_WHAT IS EXPECTED_
Reproduce nothing but the closing run of lines: the line with "Thor Youth Blitz Xr Boots 1" and each line that follows it to the end of the data.

[Web page caption snippets]
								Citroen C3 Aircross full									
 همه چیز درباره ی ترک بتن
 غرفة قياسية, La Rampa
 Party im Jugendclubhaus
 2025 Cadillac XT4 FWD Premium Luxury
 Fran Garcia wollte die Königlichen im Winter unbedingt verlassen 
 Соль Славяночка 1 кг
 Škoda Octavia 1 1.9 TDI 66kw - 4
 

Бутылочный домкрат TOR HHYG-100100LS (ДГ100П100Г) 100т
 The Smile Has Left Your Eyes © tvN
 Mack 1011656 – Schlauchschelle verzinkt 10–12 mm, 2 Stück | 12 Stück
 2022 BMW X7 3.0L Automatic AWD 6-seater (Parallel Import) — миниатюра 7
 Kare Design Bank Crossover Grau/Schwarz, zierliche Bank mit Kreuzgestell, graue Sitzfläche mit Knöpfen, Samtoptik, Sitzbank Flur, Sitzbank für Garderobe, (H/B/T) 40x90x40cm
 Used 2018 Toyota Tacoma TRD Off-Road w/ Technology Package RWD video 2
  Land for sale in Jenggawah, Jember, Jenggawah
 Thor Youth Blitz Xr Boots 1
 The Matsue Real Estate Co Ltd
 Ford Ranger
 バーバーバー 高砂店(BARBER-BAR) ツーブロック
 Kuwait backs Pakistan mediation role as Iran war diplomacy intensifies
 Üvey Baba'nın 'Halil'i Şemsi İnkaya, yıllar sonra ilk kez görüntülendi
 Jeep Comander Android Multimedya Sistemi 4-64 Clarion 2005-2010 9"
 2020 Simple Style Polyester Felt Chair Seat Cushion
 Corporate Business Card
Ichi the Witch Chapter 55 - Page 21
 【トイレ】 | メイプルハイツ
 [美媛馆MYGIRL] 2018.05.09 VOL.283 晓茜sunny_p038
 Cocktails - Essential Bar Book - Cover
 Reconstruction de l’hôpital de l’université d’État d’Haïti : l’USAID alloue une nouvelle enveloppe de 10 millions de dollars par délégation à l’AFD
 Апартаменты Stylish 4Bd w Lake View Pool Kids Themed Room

_RESPONSE BELOW_
 Thor Youth Blitz Xr Boots 1
 The Matsue Real Estate Co Ltd
 Ford Ranger
 バーバーバー 高砂店(BARBER-BAR) ツーブロック
 Kuwait backs Pakistan mediation role as Iran war diplomacy intensifies
 Üvey Baba'nın 'Halil'i Şemsi İnkaya, yıllar sonra ilk kez görüntülendi
 Jeep Comander Android Multimedya Sistemi 4-64 Clarion 2005-2010 9"
 2020 Simple Style Polyester Felt Chair Seat Cushion
 Corporate Business Card
Ichi the Witch Chapter 55 - Page 21
 【トイレ】 | メイプルハイツ
 [美媛馆MYGIRL] 2018.05.09 VOL.283 晓茜sunny_p038
 Cocktails - Essential Bar Book - Cover
 Reconstruction de l’hôpital de l’université d’État d’Haïti : l’USAID alloue une nouvelle enveloppe de 10 millions de dollars par délégation à l’AFD
 Апартаменты Stylish 4Bd w Lake View Pool Kids Themed Room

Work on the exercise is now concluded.